All recipes whose metric is streaming-only (TTFT, ITL) require --streaming; the recipe rejects non-streaming endpoints at expand time with a message naming the recipe and the missing flag. max-concurrency-under-sla checks streaming only when a streaming-only SLA filter (--ttft-sla-ms / --tpot-sla-ms / --itl-sla-ms) is configured; --e2e-sla-ms-only and --error-rate-sla-only runs do not require streaming.

Per-recipe usage

`max-throughput-ttft-sla`

Bayesian-optimized over phases.profiling.concurrency in [1, 1000]. Lifts the SLA p95(time_to_first_token) < ttft-sla-ms into a soft penalty in the GP score and a strict feasibility filter on best_trials. See Bayesian-Optimization Outer Loop for the scoring details.

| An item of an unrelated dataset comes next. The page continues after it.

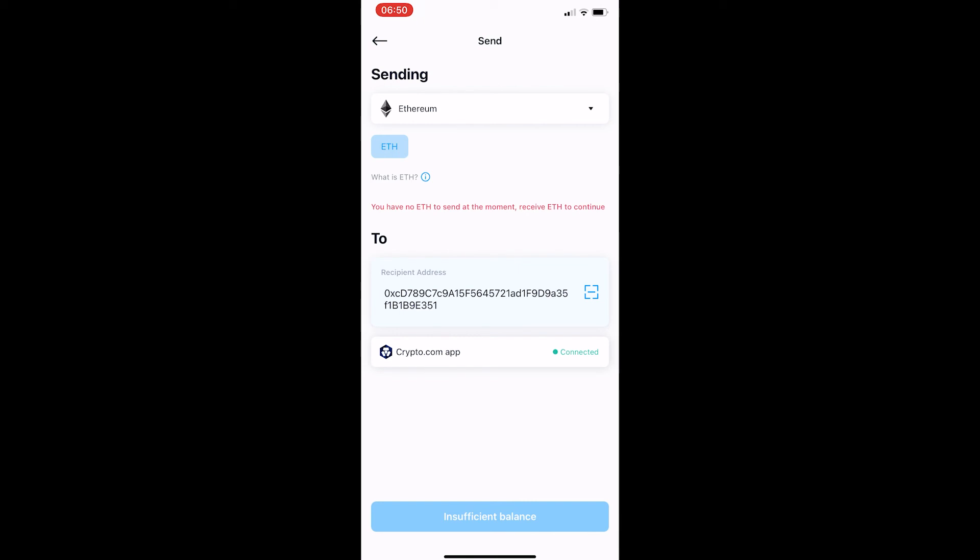So once you have entered that and the recipient address is in there you can go ahead and click the send button at the bottom and that will transfer cryptocurrency from your DeFi wallet to the Crypto.com app.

$ aiperf profile --model my-model --url http://infer.example.com --streaming \
>   --request-count 1000 \
>   --search-recipe max-throughput-ttft-sla --ttft-sla-ms 200

`max-throughput-itl-sla`

Identical shape to the TTFT twin, but on p95(inter_token_latency) < itl-sla-ms. Accepts --itl-sla-ms or its alias --tpot-sla-ms (passing both raises a conflict error).

$ aiperf profile --model my-model --url http://infer.example.com --streaming \
>   --search-recipe max-throughput-itl-sla --itl-sla-ms 50

`max-concurrency-under-sla`

Find the largest concurrency at which every configured SLA filter passes. Composes any combination of --ttft-sla-ms / --tpot-sla-ms / --e2e-sla-ms / --error-rate-sla / --search-sla. Five search styles (--search-style {smooth_isotonic|monotonic|bo|optuna|grid}, default smooth_isotonic):

smooth_isotonic — PAVA-denoised isotonic regression + PCHIP root-find on per-SLO margin curves; opt-in Phase-3 replicates with bootstrap CI; cliff-curve guard. Strictly more accurate than monotonic under noise. ~13–25 iterations on [1, 1000] at 5% precision (more with replicates).
monotonic — exponential probe + bisection; ~10 iterations on [1, 1000] at 5% precision; the direct equivalent of perf_analyzer’s --binary-search. Margin-magnitude-blind.
bo — penalty-BO maximizing output_token_throughput within the feasibility region.
optuna — same penalty-BO formulation as bo, routed through the OptunaSearchPlanner (TPE / GP / BoTorch samplers, selected via --optuna-sampler). Optuna ships by default; BoTorch requires the optional botorch extra.
grid — 8 log-spaced points + sla_breach_knee post-process emitting sweep_aggregate/sla_breach.json.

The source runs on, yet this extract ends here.